LES VOCABLES DE L'INFORMATIQUE

« Quel est ton forecast ? » Quelles sont tes prévisions (d'affaires) ?

« Tu as des propales dans le pipe ? » Tu as des propositions commerciales en cours d'élaboration ? (dans les tuyaux)

« Alain et Jacques, quels deals avez-vous closés la semaine dernière ? » Alain et Jacques, quels contrats commerciaux avez-vous conclus la semaine dernière ?

« Je me suis loggué sur le réseau du client et depuis je manage l'équipe en remote ». Je suis entré sur le réseau informatique interne du client et depuis je dirige l'équipe à distance.

« Notre intervention va leur permettre de développer une killer application ». Notre intervention va leur permettre de développer un service ou un produit innovant et à forte valeur ajoutée mettant ses promoteurs hors de portée de la concurrence pour longtemps (textuellement : une application qui tue)

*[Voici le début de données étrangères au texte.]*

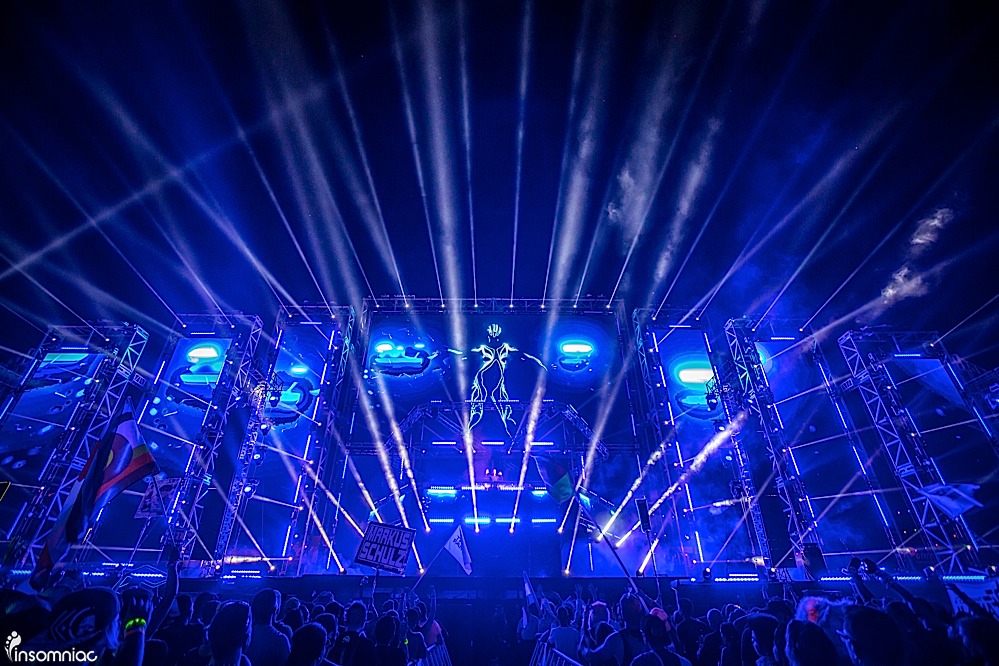 Tạo điểm nhấn cho sự kiện Tạo điểm nhấn cho sự kiện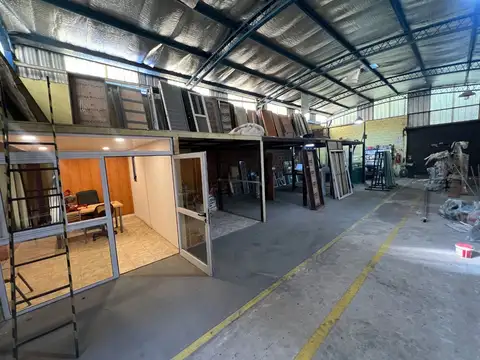 GALPÓN INDUSTRIAL - LOCAL COMERCIAL - DEPARTAMENTO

LE DIALECTE BIEN CODE DES RECRUTEURS

«Pour ce poste, il nous faut un high flyer ». Pour ce poste, il nous faut un cadre à haut potentiel ayant déjà exercé des responsabilités importantes.

« Tous les candidats shortlistés passeront en assessment center ». Tous les candidats retenus pour la sélection finale passeront des journées d'évaluation et de mise en situation.

« Cette entreprise est off-limit dans notre mission de search ». Cette entreprise ne peut pas être contactée dans le cadre de nos recherches de recrutement par approche directe.

«Le cadre qui vient de passer en e/v a vu l'annonce sur un job board ». Le cadre qui vient de passer en entretien a vu notre annonce sur un site Internet de recherche d'emplois

« Vous devriez consulter nos derniers Flash candidats ». Vous devriez consulter les profils de candidats disponibles, rencontrés et sélectionnés par notre cabinet.